Entre 20 000 et 4 000 ans, ces communautés de chasseurs-cueilleurs ne se contentaient pas d'enterrer leurs morts dans des positions accroupies super serrées. Ils séchaient aussi les corps au-dessus d'un feu. Vous imaginez ? C'est une pratique qui me rappelle d'autres cultures à travers le monde qui faisaient des choses similaires, essayant de préserver leurs proches. Ce que je trouve intéressant, c'est que ce n'est pas vraiment le genre de nouvelles que l'on entend tous les jours. Cela remet vraiment en question ce que nous pensions savoir sur les civilisations anciennes.

L'équipe de recherche a examiné 54 sépultures pré-néolithiques provenant de 11 sites en Asie du Sud-Est, datant toutes de 12 000 à 4 000 ans. Apparemment, ces sépultures fléchies et accroupies impliquaient de sécher les corps à la fumée au-dessus d'un feu, une technique de momification similaire à celles observées dans certaines sociétés australiennes et des hauts plateaux de Nouvelle-Guinée. Si ils ont raison, ce sont les plus anciens exemples de momification artificielle connus de l'humanité. C'est cool, non ?

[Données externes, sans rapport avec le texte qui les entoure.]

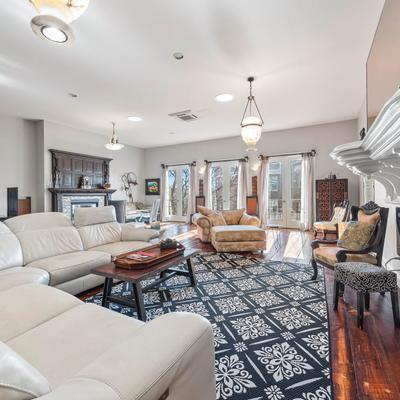 gallery photo number 10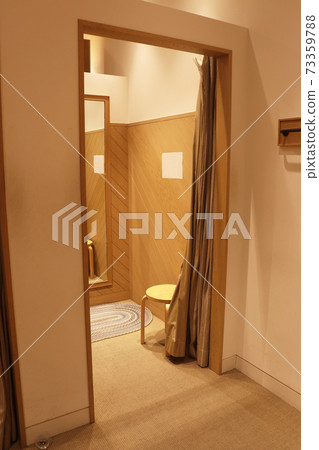 試衣間 73359788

Initialement, les archéologues pensaient que ces sépultures accroupies étaient des "sépultures primaires", ce qui est juste une façon élégante de dire qu'un corps complet était enterré d'un seul coup. Cependant, l'une des chercheuses, Hsiao-chun Hung, a remarqué des choses étranges. Par exemple, les squelettes étaient disposés de manière à ne pas avoir de sens, et certains os présentaient des brûlures, en particulier dans les zones avec moins de chair. Cela lui a fait penser : "Hé, pourraient-ils être comme ces momies fumées de Papouasie-Nouvelle-Guinée ?"

Ils n'ont pas trouvé de preuves évidentes de brûlures, ils ont donc utilisé des techniques de laboratoire pour vérifier de minuscules changements dans la structure osseuse dus à l'exposition à une chaleur élevée. Et devinez quoi ? Presque tous les restes semblaient avoir été exposés à une faible chaleur pendant un certain temps, ce qui suggère qu'ils ont été fumés. Pensez-y : cet acte apparemment simple de préserver les morts révèle en réalité beaucoup de choses sur leur culture et leurs croyances.

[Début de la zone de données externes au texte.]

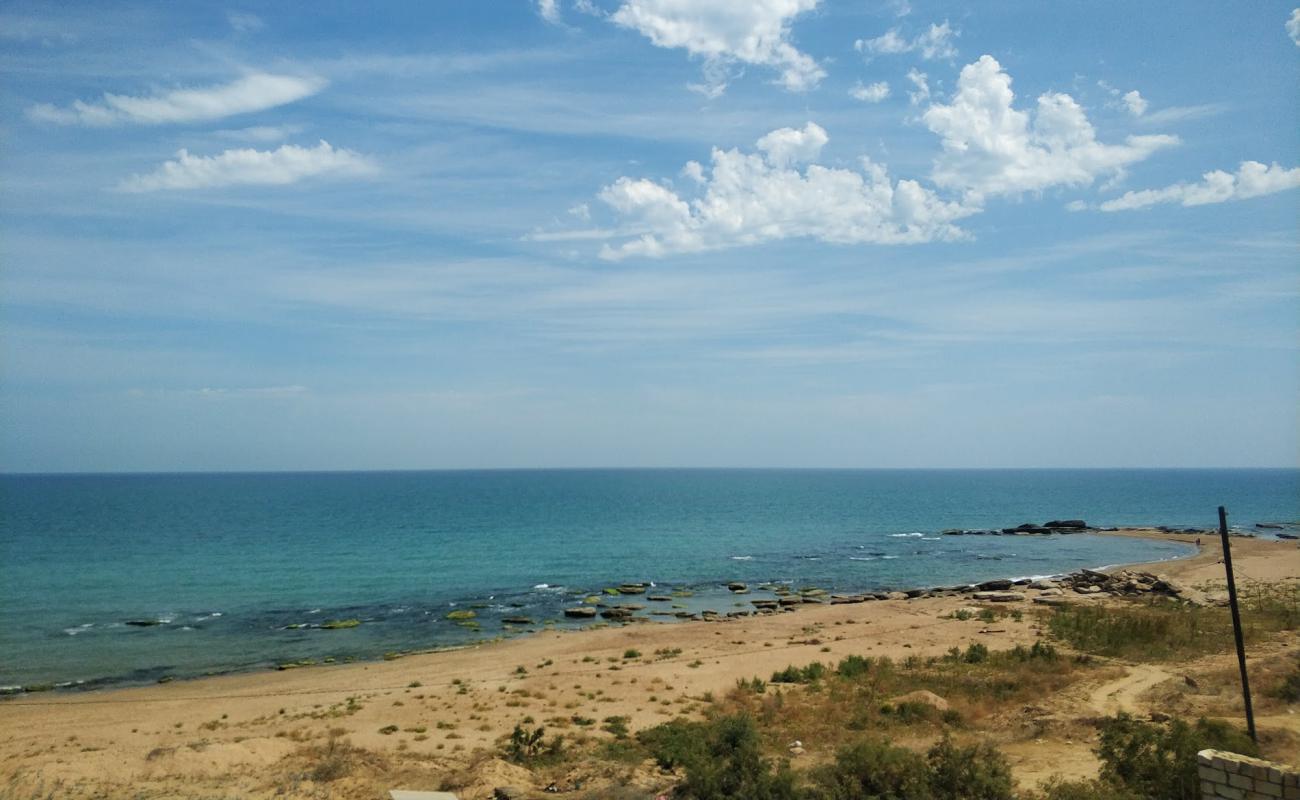 Photo de Beach Teremok avec sable lumineux de surface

Les chercheurs suggèrent que la génétique et les caractéristiques des chasseurs-cueilleurs d'Asie du Sud-Est ont été liées à des groupes indigènes de Nouvelle-Guinée et d'Australie. Cela suggère que la pratique de cette tradition funéraire a pu se répandre dans ces régions. Le fait qu'elle ait perduré pendant des milliers d'années est remarquable, nous racontant l'héritage culturel commun de ces anciens peuples. Il est fascinant de voir comment quelque chose comme la momification peut relier différentes cultures à travers de vastes distances et périodes. Cela vous fait vous demander quels autres secrets attendent encore d'être découverts !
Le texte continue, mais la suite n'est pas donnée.